*YOUR OBJECTIVE:*
For each line below that contains the string "фотография", copy that line.

►

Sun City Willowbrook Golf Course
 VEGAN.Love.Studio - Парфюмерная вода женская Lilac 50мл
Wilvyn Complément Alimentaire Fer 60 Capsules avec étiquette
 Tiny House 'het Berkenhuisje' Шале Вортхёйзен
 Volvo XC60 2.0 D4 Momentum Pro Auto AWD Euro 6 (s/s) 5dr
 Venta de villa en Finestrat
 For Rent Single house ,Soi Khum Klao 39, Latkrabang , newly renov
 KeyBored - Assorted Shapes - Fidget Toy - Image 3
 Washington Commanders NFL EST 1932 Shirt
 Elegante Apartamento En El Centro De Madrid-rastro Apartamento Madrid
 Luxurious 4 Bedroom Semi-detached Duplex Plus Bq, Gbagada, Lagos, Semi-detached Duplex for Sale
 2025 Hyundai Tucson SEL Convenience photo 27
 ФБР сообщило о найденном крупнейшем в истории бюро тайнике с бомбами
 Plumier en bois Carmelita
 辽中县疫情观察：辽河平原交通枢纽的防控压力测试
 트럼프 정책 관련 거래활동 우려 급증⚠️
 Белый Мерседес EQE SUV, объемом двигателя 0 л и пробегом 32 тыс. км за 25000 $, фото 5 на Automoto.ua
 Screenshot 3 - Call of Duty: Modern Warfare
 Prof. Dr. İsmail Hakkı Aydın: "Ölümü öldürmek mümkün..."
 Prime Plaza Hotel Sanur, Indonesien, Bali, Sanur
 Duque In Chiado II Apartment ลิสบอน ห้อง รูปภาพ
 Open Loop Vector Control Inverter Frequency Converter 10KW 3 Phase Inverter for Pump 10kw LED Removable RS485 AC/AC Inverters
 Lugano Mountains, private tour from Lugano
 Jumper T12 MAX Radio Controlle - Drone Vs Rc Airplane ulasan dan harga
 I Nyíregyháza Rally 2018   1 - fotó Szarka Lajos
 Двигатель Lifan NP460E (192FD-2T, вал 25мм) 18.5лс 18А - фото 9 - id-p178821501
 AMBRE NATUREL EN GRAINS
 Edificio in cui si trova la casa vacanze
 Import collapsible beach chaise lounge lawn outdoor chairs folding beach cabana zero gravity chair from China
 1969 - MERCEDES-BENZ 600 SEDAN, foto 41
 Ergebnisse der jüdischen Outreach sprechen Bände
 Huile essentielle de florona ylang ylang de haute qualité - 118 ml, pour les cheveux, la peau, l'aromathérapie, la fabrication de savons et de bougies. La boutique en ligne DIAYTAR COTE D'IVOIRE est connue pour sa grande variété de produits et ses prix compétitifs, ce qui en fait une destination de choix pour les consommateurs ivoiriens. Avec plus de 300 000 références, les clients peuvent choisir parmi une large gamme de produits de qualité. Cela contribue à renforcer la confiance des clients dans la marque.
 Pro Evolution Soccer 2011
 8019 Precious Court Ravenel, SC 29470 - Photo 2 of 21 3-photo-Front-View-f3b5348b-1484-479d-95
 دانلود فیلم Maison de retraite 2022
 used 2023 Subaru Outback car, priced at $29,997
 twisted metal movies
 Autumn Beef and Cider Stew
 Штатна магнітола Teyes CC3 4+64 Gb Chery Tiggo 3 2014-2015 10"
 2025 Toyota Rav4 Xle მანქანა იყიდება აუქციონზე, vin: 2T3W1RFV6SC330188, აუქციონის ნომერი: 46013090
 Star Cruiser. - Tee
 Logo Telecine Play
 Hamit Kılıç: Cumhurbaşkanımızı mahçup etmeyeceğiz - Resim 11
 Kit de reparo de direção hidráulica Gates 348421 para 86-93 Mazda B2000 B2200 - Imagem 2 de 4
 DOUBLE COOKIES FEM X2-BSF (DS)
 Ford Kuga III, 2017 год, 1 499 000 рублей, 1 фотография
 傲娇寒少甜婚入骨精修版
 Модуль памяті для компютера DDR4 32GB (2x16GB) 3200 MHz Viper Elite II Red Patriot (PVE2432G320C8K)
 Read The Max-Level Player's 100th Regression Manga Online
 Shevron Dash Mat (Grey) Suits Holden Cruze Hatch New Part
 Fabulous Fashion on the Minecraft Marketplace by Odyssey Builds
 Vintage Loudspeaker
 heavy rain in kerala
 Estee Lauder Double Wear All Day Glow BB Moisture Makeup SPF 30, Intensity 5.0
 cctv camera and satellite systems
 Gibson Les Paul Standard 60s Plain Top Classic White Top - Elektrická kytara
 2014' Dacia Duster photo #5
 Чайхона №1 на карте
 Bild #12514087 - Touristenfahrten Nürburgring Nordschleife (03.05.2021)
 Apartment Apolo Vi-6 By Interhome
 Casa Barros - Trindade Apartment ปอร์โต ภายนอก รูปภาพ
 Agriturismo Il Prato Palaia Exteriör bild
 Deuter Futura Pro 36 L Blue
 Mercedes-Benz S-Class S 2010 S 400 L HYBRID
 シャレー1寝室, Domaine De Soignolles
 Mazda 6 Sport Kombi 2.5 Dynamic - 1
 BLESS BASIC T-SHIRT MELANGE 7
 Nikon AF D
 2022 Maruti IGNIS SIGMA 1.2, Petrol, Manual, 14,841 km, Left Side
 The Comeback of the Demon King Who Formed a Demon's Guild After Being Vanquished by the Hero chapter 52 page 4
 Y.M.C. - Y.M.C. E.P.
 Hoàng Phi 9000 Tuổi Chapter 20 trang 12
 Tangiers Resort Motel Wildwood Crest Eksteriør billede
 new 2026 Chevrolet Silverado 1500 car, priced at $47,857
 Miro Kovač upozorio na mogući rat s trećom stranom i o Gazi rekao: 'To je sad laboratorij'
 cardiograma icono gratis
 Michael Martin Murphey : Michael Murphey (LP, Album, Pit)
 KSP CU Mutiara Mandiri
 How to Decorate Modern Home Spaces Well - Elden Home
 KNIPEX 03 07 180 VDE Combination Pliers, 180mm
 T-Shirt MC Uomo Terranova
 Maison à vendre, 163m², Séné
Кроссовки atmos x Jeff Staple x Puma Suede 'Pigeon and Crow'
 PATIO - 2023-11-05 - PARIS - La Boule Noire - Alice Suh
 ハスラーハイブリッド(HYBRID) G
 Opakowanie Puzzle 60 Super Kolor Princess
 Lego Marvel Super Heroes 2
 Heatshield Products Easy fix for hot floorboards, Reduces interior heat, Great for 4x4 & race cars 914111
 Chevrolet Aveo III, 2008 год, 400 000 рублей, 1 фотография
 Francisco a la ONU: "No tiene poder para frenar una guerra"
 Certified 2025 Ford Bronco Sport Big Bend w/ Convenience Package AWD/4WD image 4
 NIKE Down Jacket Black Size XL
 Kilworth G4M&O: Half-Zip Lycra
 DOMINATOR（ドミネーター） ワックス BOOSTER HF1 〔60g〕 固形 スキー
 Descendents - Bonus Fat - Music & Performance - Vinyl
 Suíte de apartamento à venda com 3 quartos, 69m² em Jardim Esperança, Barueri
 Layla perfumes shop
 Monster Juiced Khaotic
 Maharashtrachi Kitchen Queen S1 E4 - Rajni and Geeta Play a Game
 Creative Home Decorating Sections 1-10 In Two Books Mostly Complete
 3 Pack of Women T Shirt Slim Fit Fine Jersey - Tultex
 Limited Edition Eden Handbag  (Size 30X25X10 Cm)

◄

*TASK OUTPUT:*
 Ford Kuga III, 2017 год, 1 499 000 рублей, 1 фотография
 Chevrolet Aveo III, 2008 год, 400 000 рублей, 1 фотография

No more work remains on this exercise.